The Love Letter

Bomb Rating: 

Making a moronic little movie with virtually no story arc is cake when you're married to one of the most powerful men in Hollywood.

It all becomes crystal-clear before the first credit even creeps onto the screen: That big Dreamworks intro plays, and suddenly the question of how Kate Capshaw managed to appear in another movie, much less produce it, becomes insultingly clear: Making a moronic little movie with virtually no story arc is cake when you're married to one of the most powerful men in Hollywood.

This is supposedly the darling tale of a letter that causes everybody around it to behave amorously, but take a closer look, and this film begins to seem truly insidious. First, its very existence hinges on the whole nepotism factor. Second, this is yet another movie about a bookstore owner. That's fine, if a tad repetitive, but Kate's little bookstore also proves to be a perfect metaphor for business in Hollywood.

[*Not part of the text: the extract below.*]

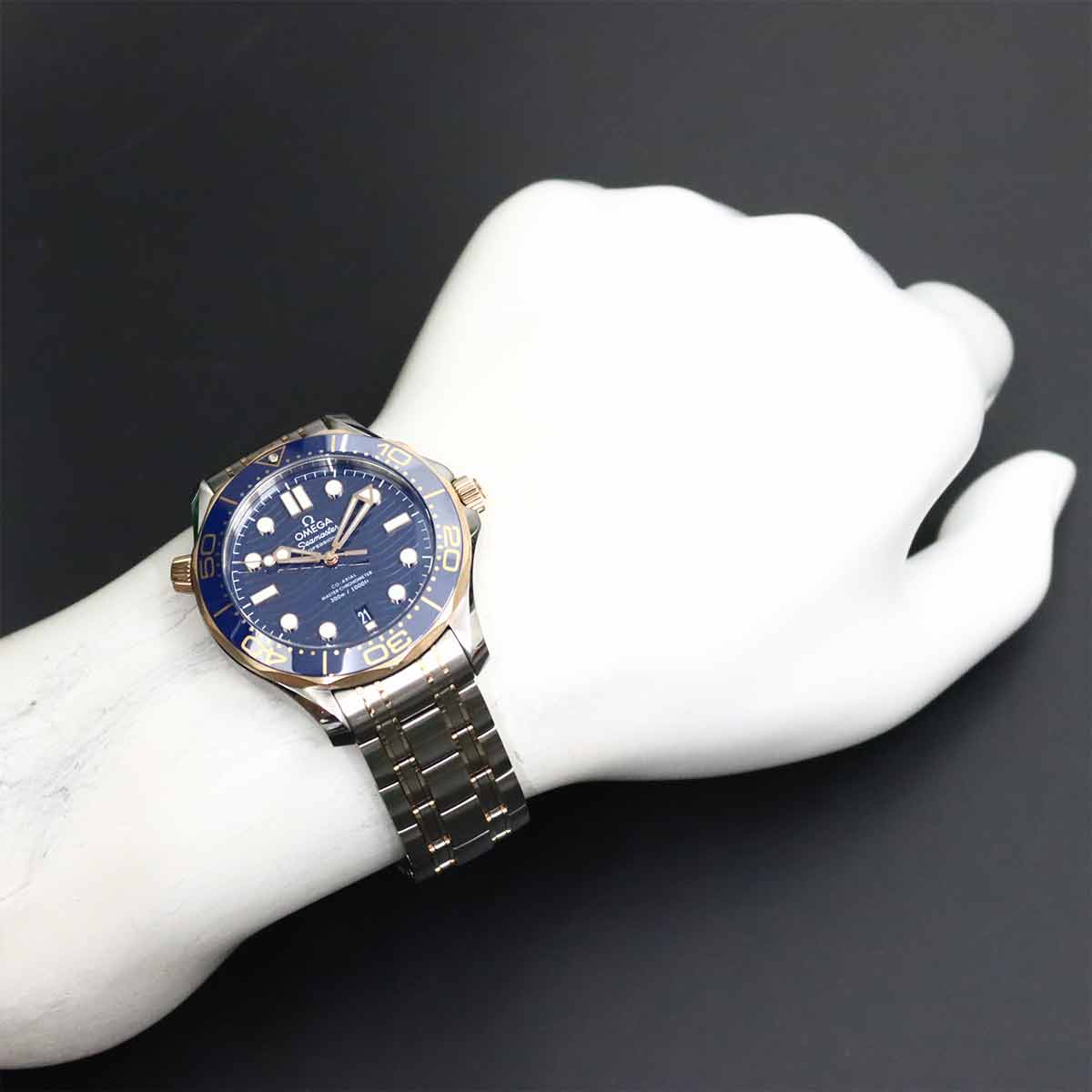 Seamaster Diver300 Co-axial 210.20.42.20.03.002 Automatic Mens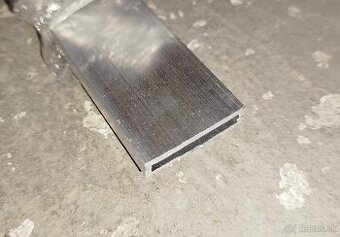 Hliníkový profil 40 mm x 10 mm x 3100 mm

Helen (Capshaw) owns her shop in the sleepy, painfully picturesque New England town of Loblolly By The Sea, located in the kind of universe where Ebola and crack whores simply don't exist. The store has three employees: Janet (Ellen DeGeneres), Jennifer (Julianne Nicholson) and Johnny (Tom Everett Scott). They work every day, except we never see anybody actually buy a book. Typical Hollywood business management: Let's dump a whole bunch of money into something, and pray to God that somebody shows up.

In the real world, Helen would be scraping fungus off garbage cans for sustenance, because she'd be out of business quicker than you could say "Amazon.com." Okay, so George (Tom Selleck) comes in the store now and then, but that's mainly to be quaintly eccentric, talk about beehives, and lurk in the back stacks while quietly masturbating into page 69 of every last book in Oprah's Book Club. (Ok, I made the stuff about the beehives up.) And what's with reading some stupid letter and then hopping into the sack with your employee? That may be romantic by Hollywood standards, but it's called "sexual harassment suit" in the real world.